Brain Research What Makes Birds So Smart?
Researchers at Ruhr University Bochum explain how it is possible for the small brains of pigeons, parrots and corvids to perform equally well as those of mammals, despite their significant differences.
Since the late 19th century, it has been a common belief among researchers that high intelligence requires the high computing capacity of large brains. They also discovered that the cerebral cortex as typical of mammals is necessary to analyze and link information in great detail. Avian brains, by contrast, are very small and lack any structure resembling a cortex. Nevertheless, scientists showed that parrots and corvids are capable of planning for the future, forging social strategies, recognizing themselves in the mirror and building tools. These and similar aptitudes put them on a par with chimpanzees. Even less gifted birds, such as pigeons, learn orthographic rules that enable them to recognize typos in short words or classify pictures according to categories such as “impressionism”, “water” or “man-made”. How do they do it with such small brains and without a cortex? With their article in Trends in Cognitive Science, Professor Onur Güntürkün, Dr. Roland Pusch and Professor Jonas Rose from Ruhr University Bochum come closer to solving this more than one hundred-year-old puzzle.
Similar brain mechanisms
The authors of the study show that birds have developed four similar innovations for intelligence during their evolution, independently of mammals. First, birds have many more nerve cells in their small brains than previously believed. Corvids in particular place this extra portion of computing capacity in those areas of the brain that are most important for cognition. The second reason is that birds have a specialized brain structure that is similar to the prefrontal cortex in mammals and is crucial for abstraction and planning. This brain region is moreover exceptionally large in intelligent birds and mammals. Thirdly, birds and mammals alike have a system that uses the neurotransmitter dopamine to constantly feedback the quality of their decisions to the prefrontal system. As a result, the prefrontal computational processes continuously adapt to changing situations and the success or failure of the decisions of the individual. Finally, birds have independently developed a very similar working memory to temporarily hold things in short-term memory. Like jugglers who constantly keep many balls spinning in the air, birds and mammals use a flexible activity pattern of their nerve cells to keep a lot of information active at the same time.

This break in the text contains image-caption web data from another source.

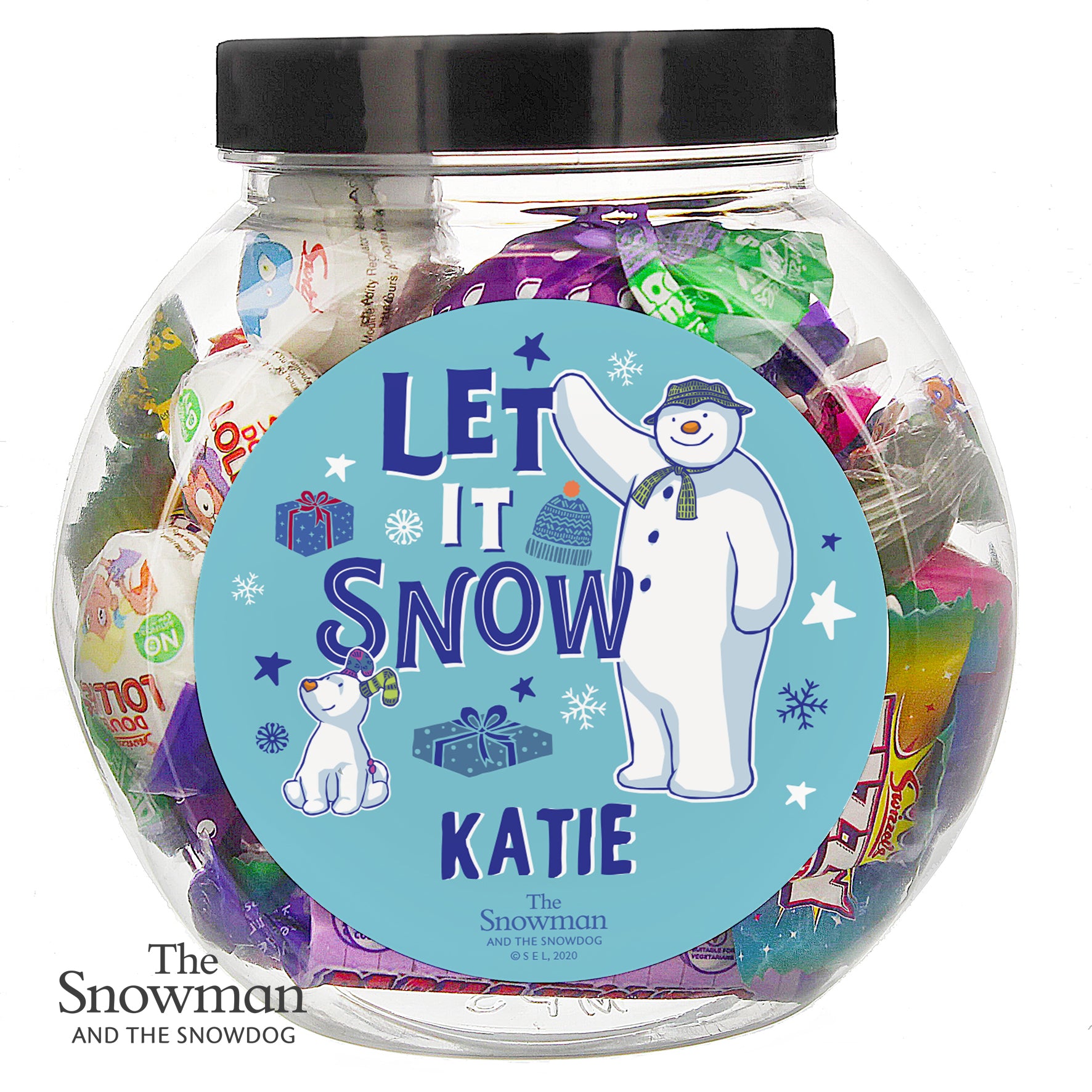 Personalised The Snowman and the Snowdog Sweet Jar - MK&JD Gifts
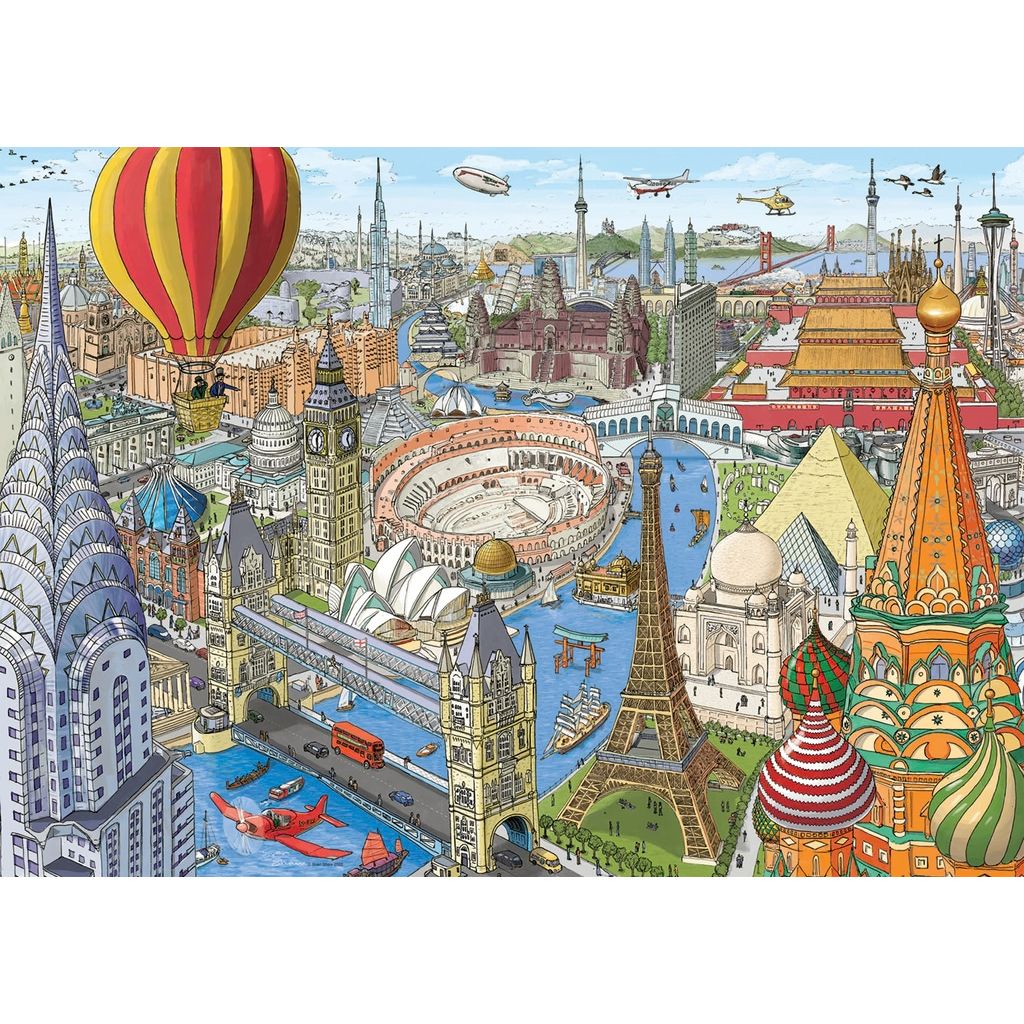 Completed Around the World in 80 Days jigsaw showing Phileas Fogg's race by steamship, train and elephant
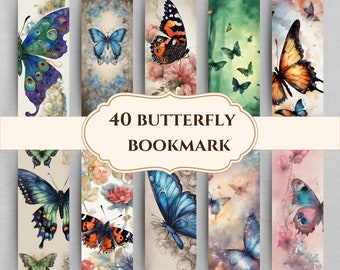 Butterfly Bookmark Printable, 40 Digital Bookmark Gift, Book Lovers Designs, Butterfly Digital Letter PDF, Separate PNG, Instant Download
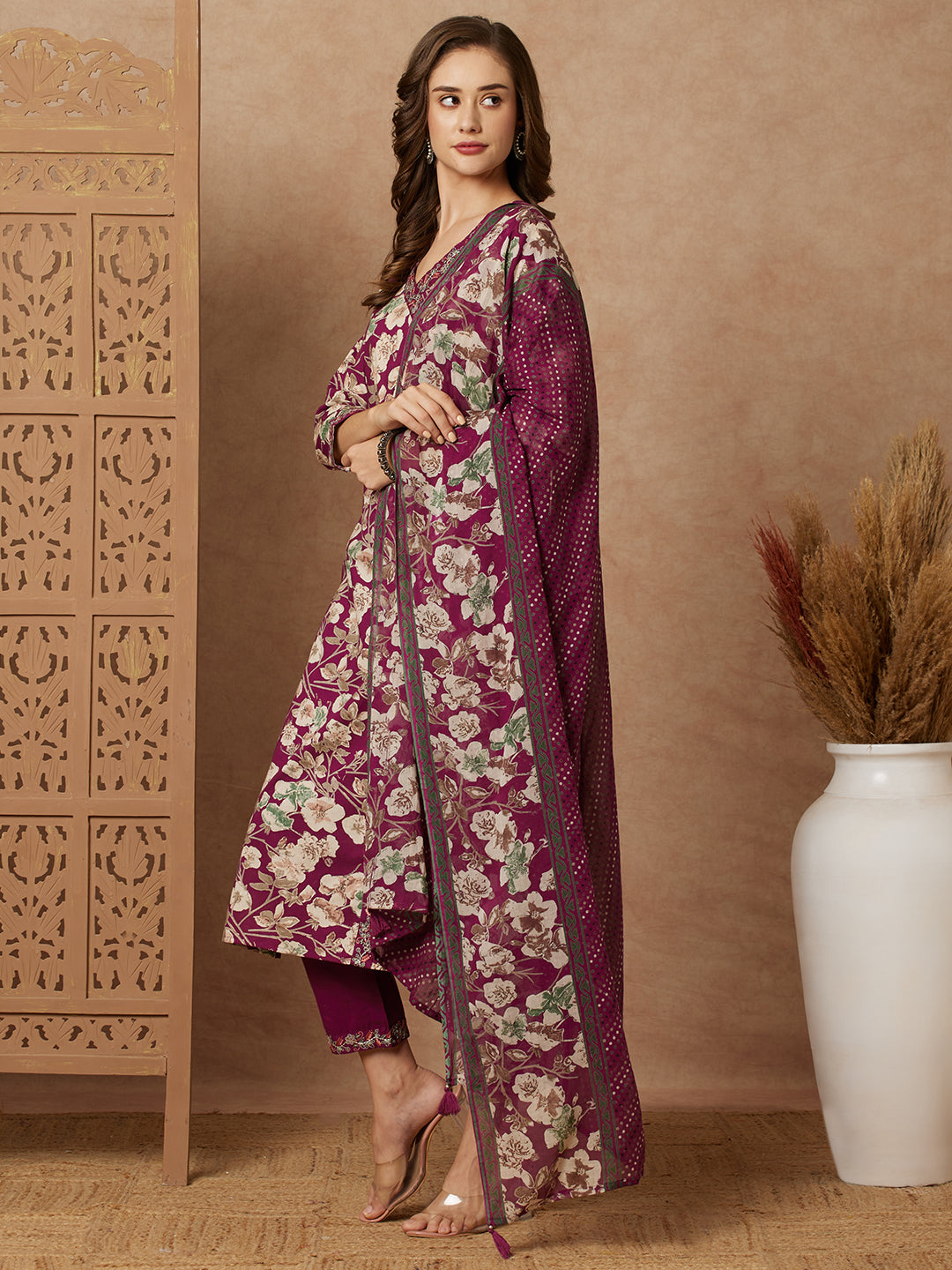 Floral Printed & Embroidered Straight Kurta with Pant & Pure Cotton Dupatta - Purple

Neuronal basis of intelligence
All these neuronal properties appear to have evolved in parallel and independently of each other in birds and mammals. There is therefore a strong case for assuming that they are among the basic brain mechanisms that enable cognitive performance. Consequently, the comparative study by the Bochum neuroscientists of the Collaborative Research Center “Extinction Learning” at Ruhr University Bochum is another jigsaw piece in the puzzle of the general neurobiological principles of intelligence.